Козленок новорожденный уж в трехдневном возрасте норовит подпрыгнуть и боднуть соседа. Нельзя играть с козлятами, почесывать места, где рожки растут. Паче того нельзя тянуть его за уши и хвост, таскать за бороду. Вырастет злющий да бодливый, всем в тягость.
Хозяева своего Борьку на привязи держали, а по мне — надо бы в клетке с железными прутьями, не иначе. Потому как вырастили они из Борьки бодливого-бодливого…
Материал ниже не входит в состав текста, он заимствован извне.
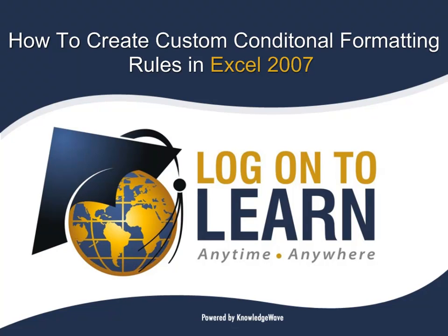Hello, and welcome to How to Create Custom Conditional Formatting Rules in Excel 2007, a Microsoft Office tutorial presented by Logon2Learn powered by KnowledgeWave.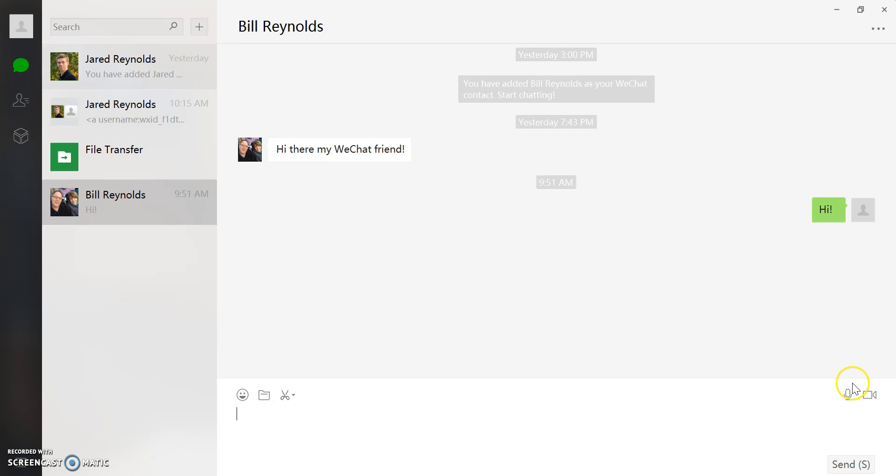Down on the bottom right, you'll see a microphone icon. If you click on that, it'll allow you to do a voice call with them.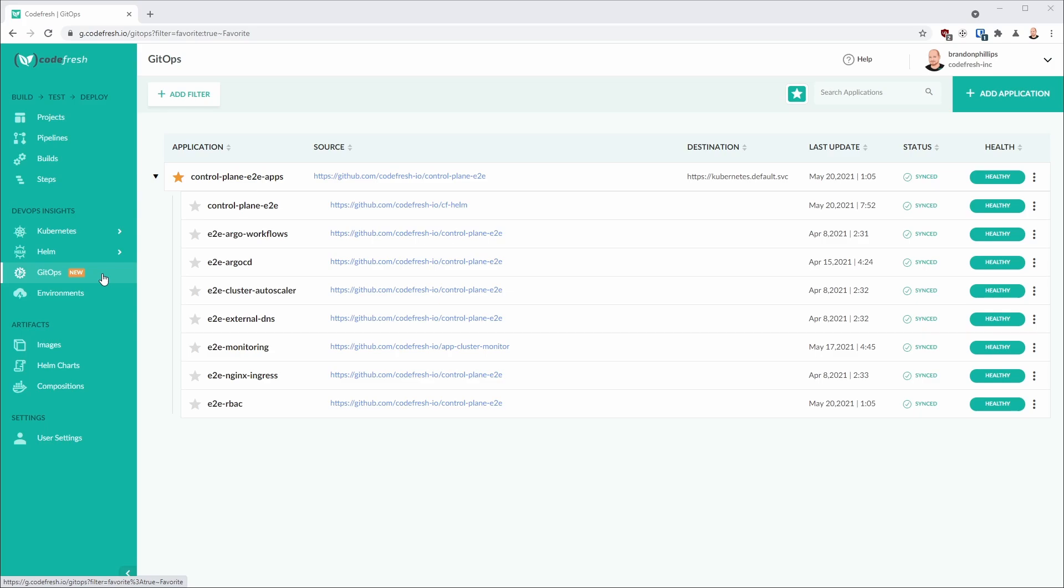Welcome everyone to a Codefresh feature highlight. Let's dig into our new App of Apps support in our GitOps dashboard.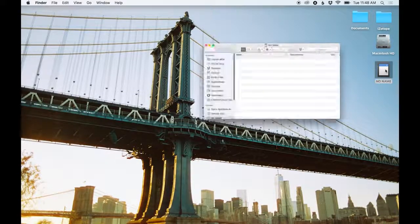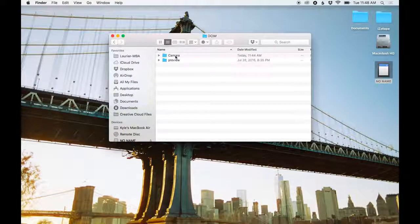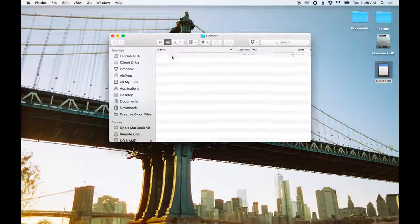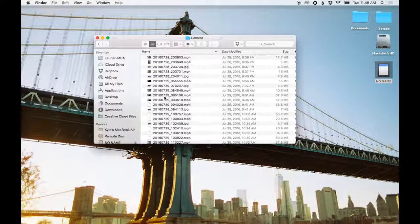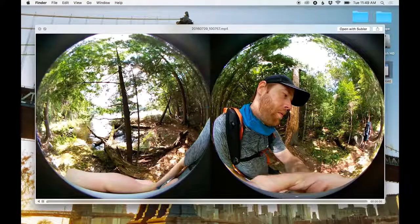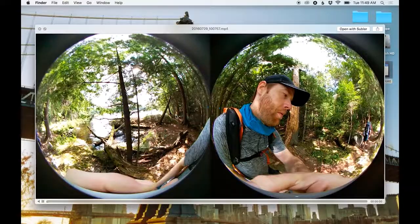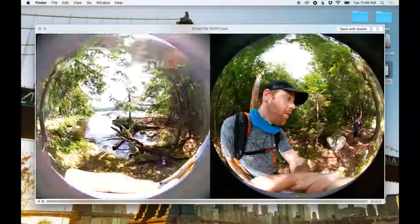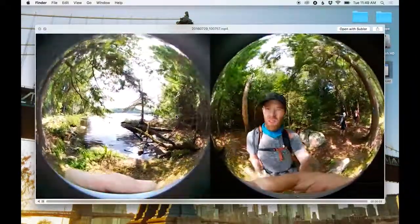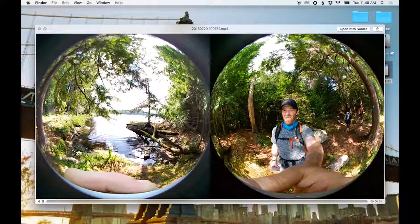So the first thing you have to do is actually insert your memory card from the camera. And you can see here I have some example stills of what I shot on a recent hiking trip. Now, obviously when it comes in from the camera,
Ну да, козла, как иначе скажешь-то?
В тот день, ближе к вечеру, баньку затопили, а Петька изготовился. Как всегда, подсмотреть да подглядеть. Соседская девка, молодушка красоты такой, что и мне, старику, мысли всякие при взгляде на нее приходили, и шептал я про себя слова из староотческих преданий, отрезвляющие…
Эх, ну не может лежать долго сухая солома рядом с тлеющим углем! Вот, девка та красная, она тоже к ним собралась, в баньку, с Петенькиными сестрами, и уж не смог отрок пропустить случай такой великий!
Вот когда он к окошку банному прилип, почитай, головой просунулся, Борька со всего разбега рогами ему в мягкое место — тык!
Но еще не все. Заорал мужичок, головою прошиб окно. Бабы тоже в крик, конечно. Петенька отошел быстро, из окна обратно вылез, развернулся к беде лицом. А беда та — опять же Борька. Он Петенькины таскания за бороду, за уши и хвост с малолетства помнил. И уж раз отвязался от привязи, на свободу вырвался, так окончательно выровнять захотел.
Ну, и получил Петя удар в живот и пах, ох, и получил…
Потом объяснял мне зодчий, что видно, жила кровяная порвалась у детинушки, вылилась кровушка молодая вся через нее. Оттого и умер сын крестьянский. Мне не ведомо, так ли, аль нет. А Петя-то и умер к ночи… Ярко-красная шаль елисеевская, что украшала на гуляньях плечи старшей Петенькиной сестры, исчезла из дома, как и не бывала никогда…
Четвертым ушел Петенька. Четвертым из тех, кто в лесу побывал.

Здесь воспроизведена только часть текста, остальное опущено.